Island of Lost Maps and Detective.

The Island of Lost Maps: A True Story of Cartographic Crime. by Miles Harvey.

I leased this book from Ashish - a colleague of mine for a week-end. At first I thought, that it would be very difficult to finish reading such a bulky book in just 2 days... given my levels of concentration. As chapters after chapters rolled by, I found myself admiring the debutante’s way of narration. It was very similar to what I do when I write... the things that are told seem unrelated and vague until, the author himself connects all the dots for you... Some times even after the author connects the dots the picture is somewhat hazy... I guess Miles Harvey knows this and repeats himself where ever the reader may feel lost. That’s so much like me... I liked the book partly because of that. Apart from the gripping story, the book is filled with cartographic trivia.

Al in all, the book is an excellent pass time to read on a lonely journey.
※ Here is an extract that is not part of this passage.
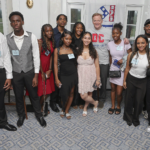 A photo of NFL Commissioner Roger Goodell with Destination: College student-athletes and 2025 Cooney Scholars at the Destination: College 2025 fundraiser Best Night of The Year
Detective - by Arthur Hailey.

I borrowed this book from Mayank Singh. There was no dead line to finish the book... The story is about a serial killer and one another killing that does not fit in the pattern... I was reminded of all those episodes of Law and Order that I had seen when I was in US (and here too...) But after all that, I found this book lacking the excitement. It was very easy to expect the unexpected... I may be feeling so because of those serials or the expectations I had about the author himself. If I don’t like a book, i better justify it... In this book I feel, the author has gone too far to complicate a crime... and the methods used to do so are also not highly imaginative... how many stories have we not seen where a highly placed government officials have dark episodes (of sexual nature) in their childhood... In most of them, the perpetrator is usually the father... Americans have been obsessed with the Bible... I can remember at least 2 famous movies ("Se7en" starring Brad Pitt and Morgan Freeman, "The Seventh Sign" starring Demi Moore) that deal with similar topics... The author seems to have "bible based serial killing" as the center piece and added the rest of the story by backtracking and tying up lose ends... and try to make it interesting in the larger sense. I wonder how this ever became a best seller?